Maduros Regierungserklärung
Am Donnerstag (Ortszeit) legte Venezuelas Präsident Nicolás Maduro nach seinem Wahlsieg vom vergangenen Sonntag vor der Verfassunggebenden Versammlung den Amtseid ab. Das war zunächst einmal Routine. Keine Routine war dagegen der neue Ton, den er in seiner anschließenden Rede anschlug. Es war eine von Selbstkritik geprägte Ansprache, die den Startschuss für einen Neuanfang geben sollte. Nötig sei eine »Veränderung der Führung an der Spitze der Revolution«, forderte Maduro, denn »wir machen nicht genug, und wir machen es nicht gut«. Und weiter: »Wir müssen dieses Land verändern, und wir müssen bei uns selbst anfangen.«
Maduro listete sechs Leitlinien auf, an denen sich dieser Erneuerungsprozess orientieren soll. So soll im Mittelpunkt der Stabilisierung der Wirtschaft eine Ausweitung der Produktion des staatlichen Erdölkonzerns PDVSA stehen. An die dort beschäftigten Arbeiter und ihre Gewerkschaften appellierte er, ihren Beitrag dafür zu leisten: »Ich will eine sozialistische PDVSA, eine ethische, souveräne und produktive PDVSA!«
Nötig wäre es, denn die Staatseinnahmen Venezuelas hängen nach wie vor zu rund 90 Prozent von den Erdölexporten ab – doch die Förderung war in den vergangenen Jahren rückläufig.

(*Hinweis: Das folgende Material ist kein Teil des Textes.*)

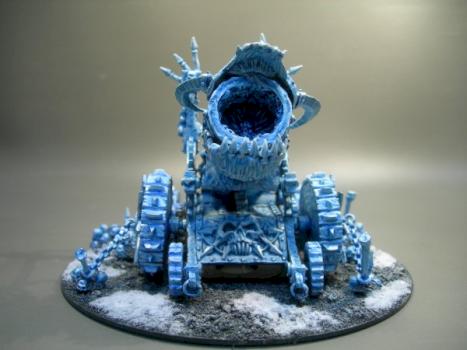 Chaos iced hellcannon-another view by noctifero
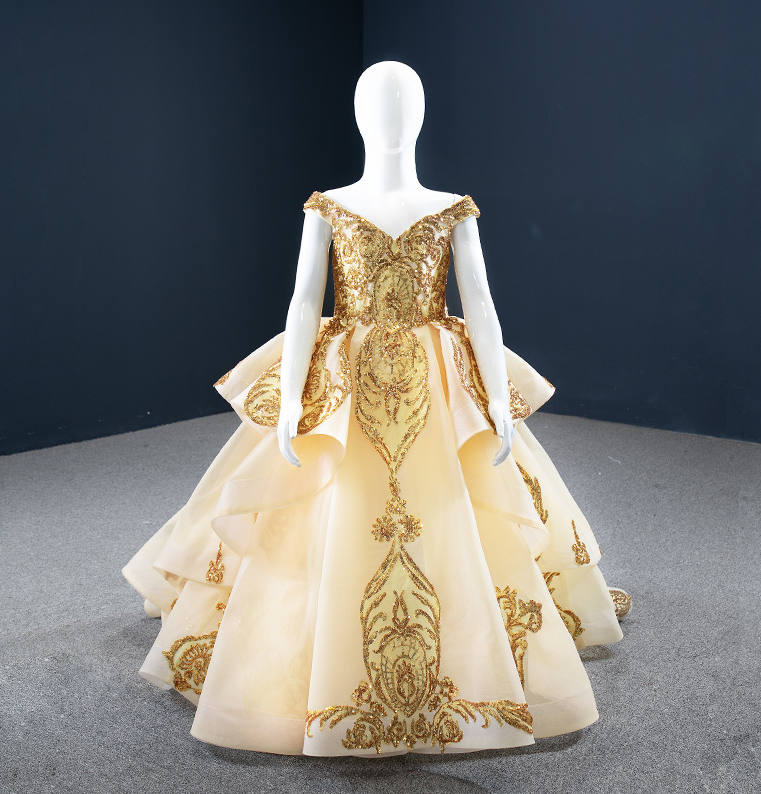 Children's Dress Princess Dress 2022 High-end Flower Children's Dress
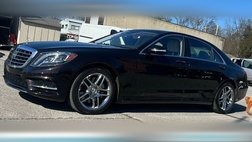 2014 Mercedes-Benz S-Class S 550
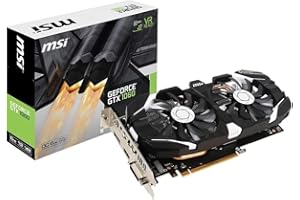 MSI Computer Video Graphic Cards GeForce GTX 1060 6GT
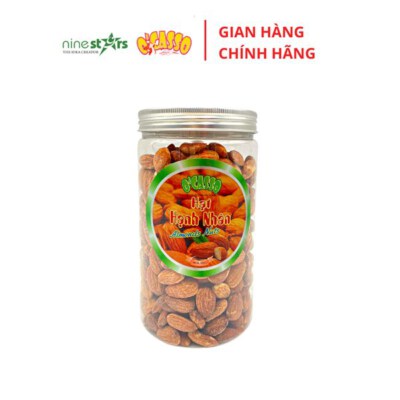 Hạt hạnh nhân rang muối
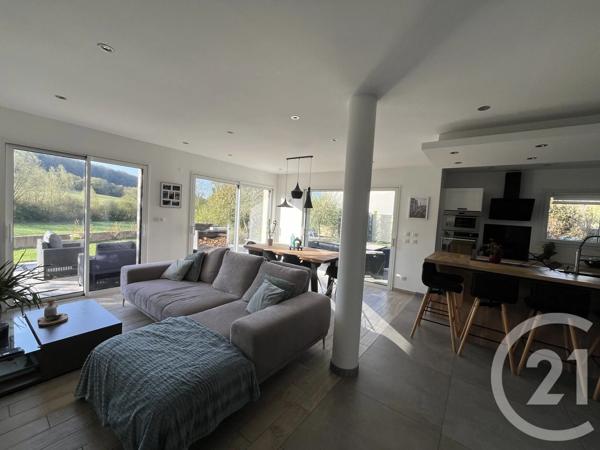 Maison à vendre  5 pièces - 130 m 2   MISEREY SALINES  - 25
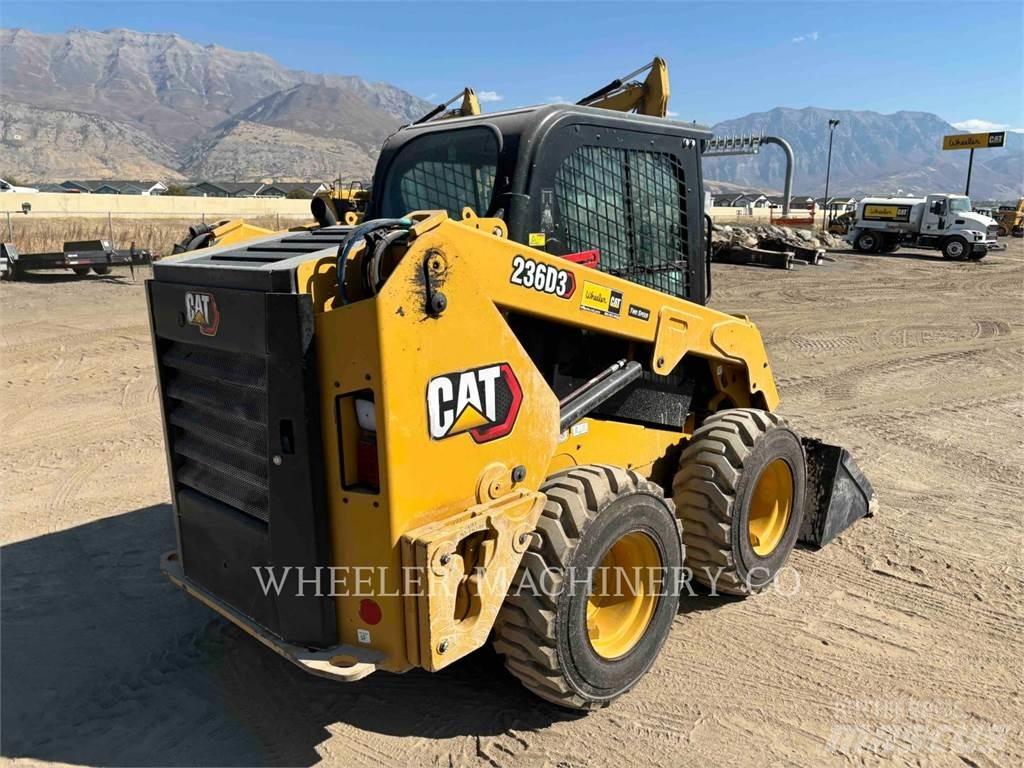 CAT 236D3 C3H2 Kompaktlaadurid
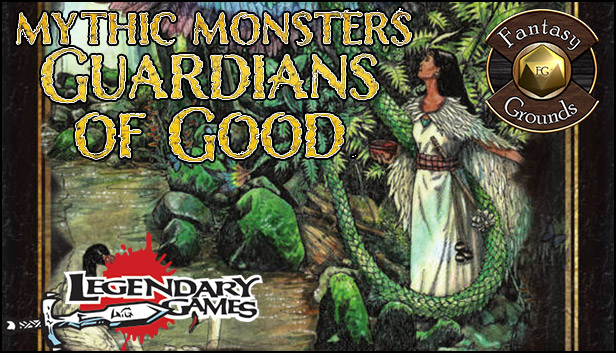 Fantasy Grounds - Mythic Monsters #20: Guardians of Good (PFRPG)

Gründe dafür waren fehlende Investitionen in die Infrastruktur sowie Korruption und Schlamperei. Wenn es jetzt gelingt, mit durchschlagenden Maßnahmen dem Schlendrian den Kampf anzusagen, wäre viel gewonnen. Dabei will Maduro zur »Sanierung« der Industrie offenbar nicht auf »ausländische Experten« setzen, sondern auf die Arbeiterklasse. Ansätze dafür, deren Rolle zu verstärken, gibt es bereits, zum Beispiel durch die Gründung von Arbeiterräten in den Betrieben. Bislang versandeten Initiativen von unten jedoch oft in der Bürokratie der Unternehmens- und Staatshierarchie oder wurden gezielt abgewürgt. In den klimatisierten Büros sitzen viele Nutznießer der Korruption und Misswirtschaft. Auch das sprach Maduro in seiner Rede offen an.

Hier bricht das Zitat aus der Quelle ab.